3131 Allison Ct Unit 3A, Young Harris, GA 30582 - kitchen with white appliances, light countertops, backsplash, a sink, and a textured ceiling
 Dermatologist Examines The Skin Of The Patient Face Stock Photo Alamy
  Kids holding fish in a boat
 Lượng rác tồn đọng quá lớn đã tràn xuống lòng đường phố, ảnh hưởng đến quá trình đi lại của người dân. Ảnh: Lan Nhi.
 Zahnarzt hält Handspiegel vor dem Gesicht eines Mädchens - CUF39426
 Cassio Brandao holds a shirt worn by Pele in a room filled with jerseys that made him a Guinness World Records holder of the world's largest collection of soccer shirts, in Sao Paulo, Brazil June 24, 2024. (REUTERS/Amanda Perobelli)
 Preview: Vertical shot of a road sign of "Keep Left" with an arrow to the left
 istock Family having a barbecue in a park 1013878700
· · ·
→ **Try it**
Only the lines from the one containing "Cassio Brandao holds" through the last line of the records belong in the answer, each written out exactly.

→ **Finished task**
 Cassio Brandao holds a shirt worn by Pele in a room filled with jerseys that made him a Guinness World Records holder of the world's largest collection of soccer shirts, in Sao Paulo, Brazil June 24, 2024. (REUTERS/Amanda Perobelli)
 Preview: Vertical shot of a road sign of "Keep Left" with an arrow to the left
 istock Family having a barbecue in a park 1013878700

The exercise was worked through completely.